*Instructions to follow*:
Leave out every picture, and restate word for word only the lines from the one containing "স্বাধীনতা স্মৃতি পদক" through the end of the material.

*Input data*:
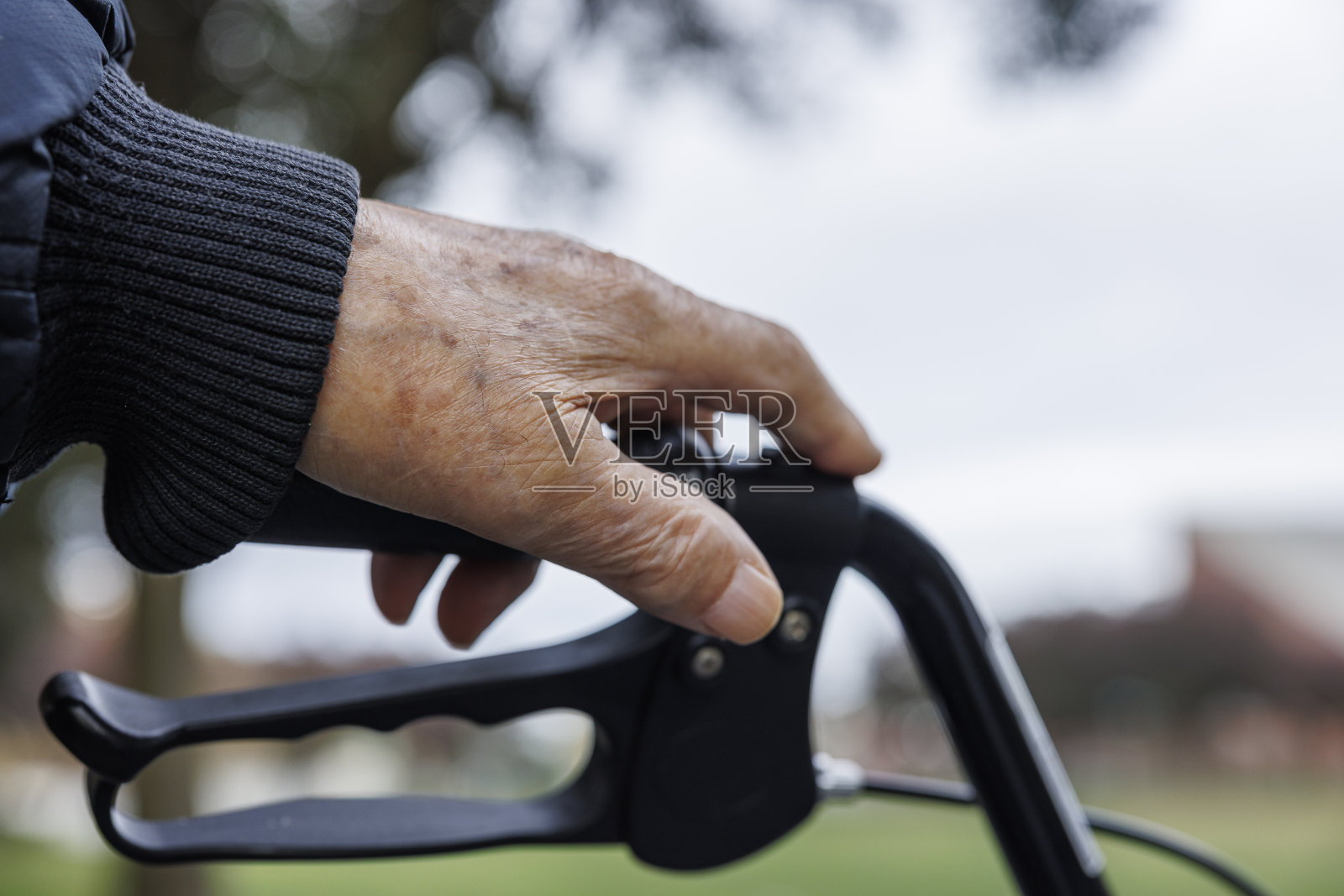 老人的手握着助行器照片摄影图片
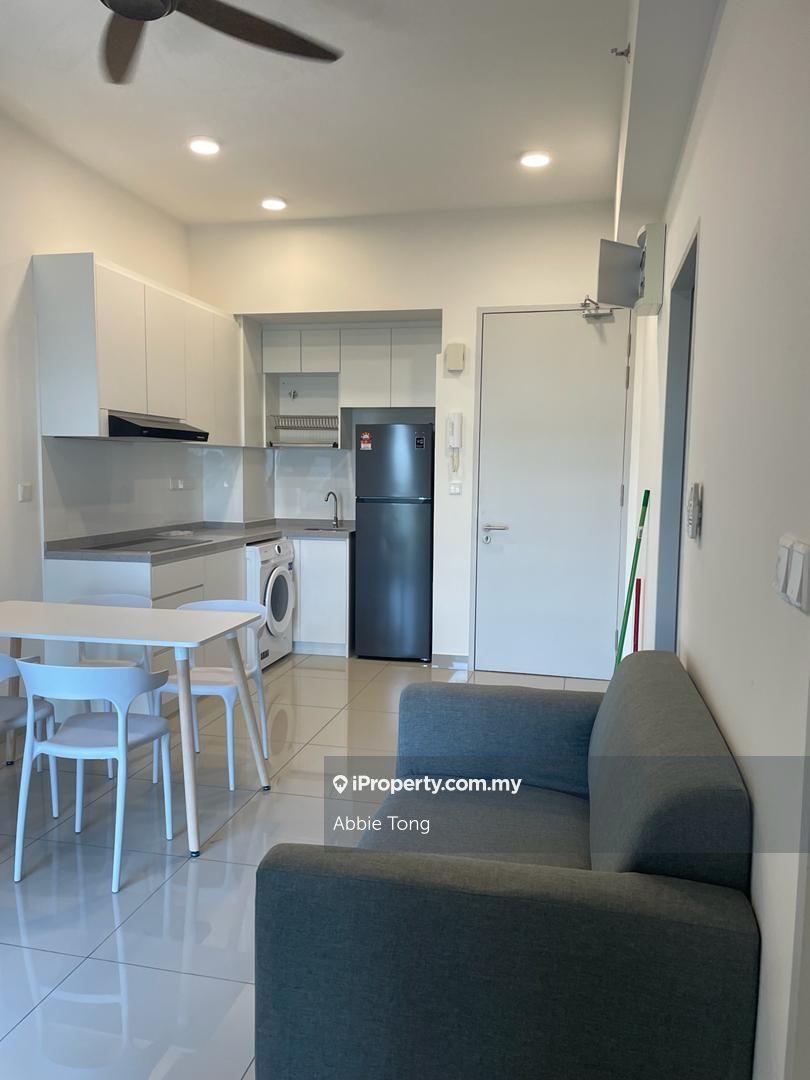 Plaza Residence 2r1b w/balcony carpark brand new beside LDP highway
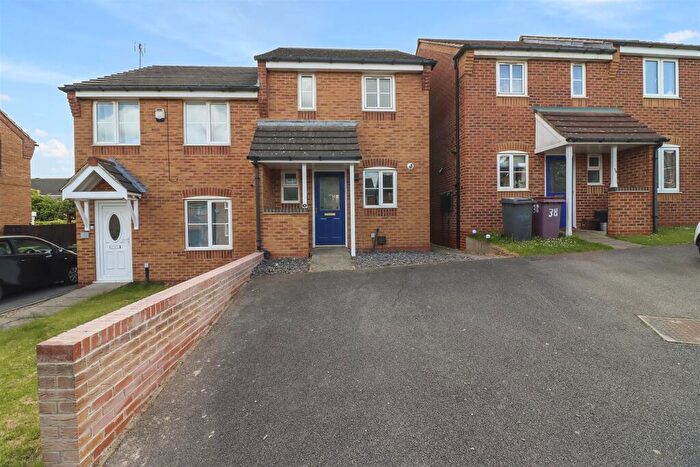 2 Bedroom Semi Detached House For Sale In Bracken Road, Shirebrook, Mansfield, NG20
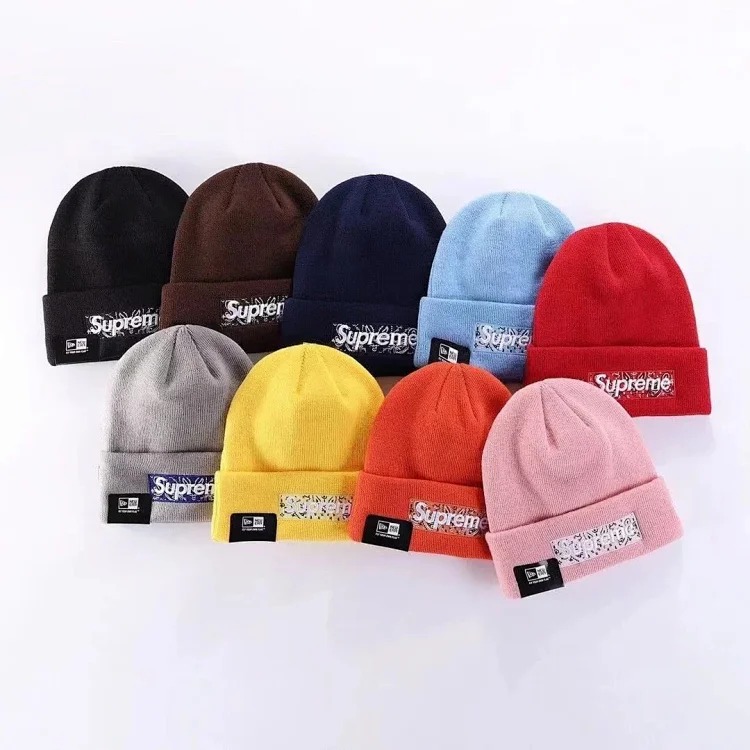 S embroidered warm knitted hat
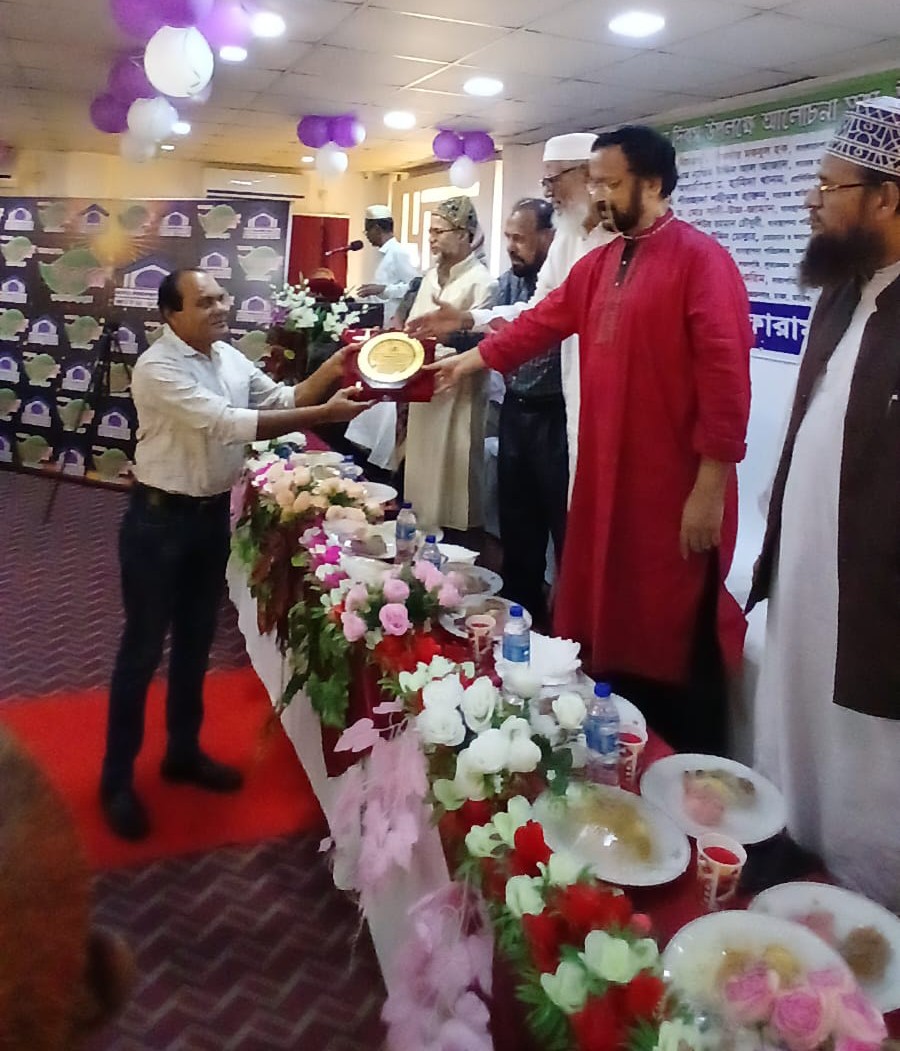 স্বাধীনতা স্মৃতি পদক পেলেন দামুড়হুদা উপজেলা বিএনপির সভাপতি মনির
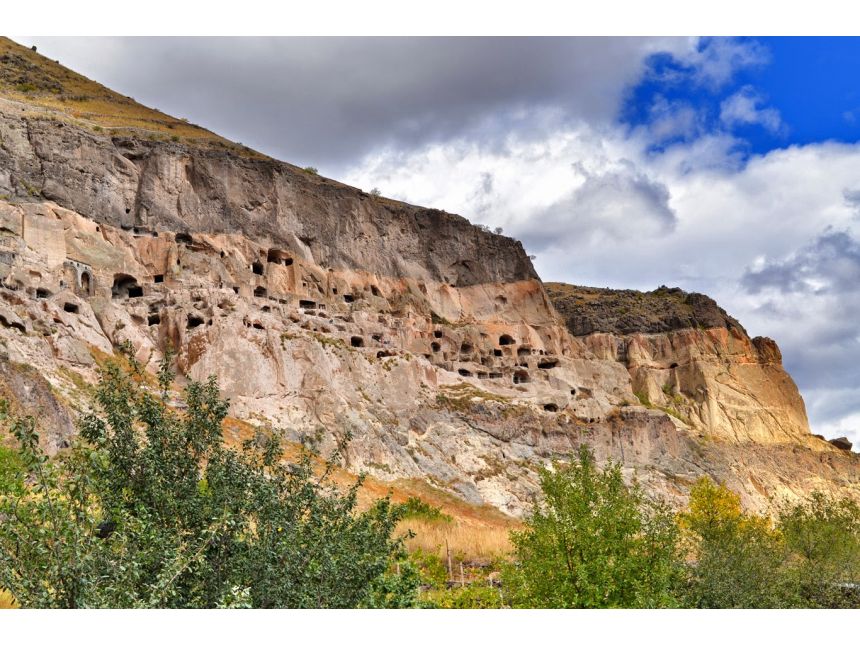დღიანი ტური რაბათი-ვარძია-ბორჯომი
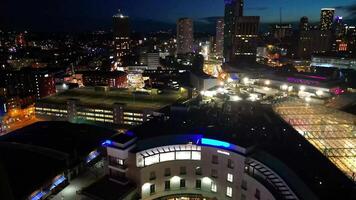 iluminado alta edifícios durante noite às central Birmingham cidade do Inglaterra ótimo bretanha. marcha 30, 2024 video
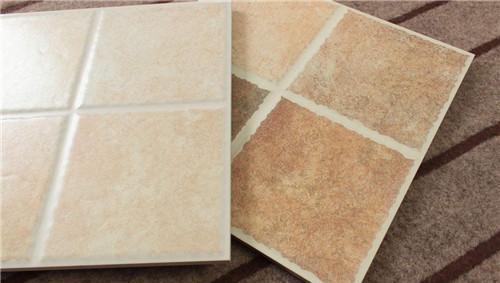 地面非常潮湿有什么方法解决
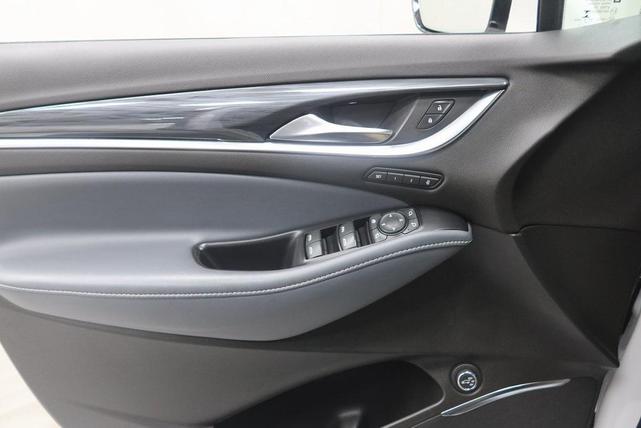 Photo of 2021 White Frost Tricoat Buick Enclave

*Answer box*:
 স্বাধীনতা স্মৃতি পদক পেলেন দামুড়হুদা উপজেলা বিএনপির সভাপতি মনির
დღიანი ტური რაბათი-ვარძია-ბორჯომი
 iluminado alta edifícios durante noite às central Birmingham cidade do Inglaterra ótimo bretanha. marcha 30, 2024 video
 地面非常潮湿有什么方法解决
 Photo of 2021 White Frost Tricoat Buick Enclave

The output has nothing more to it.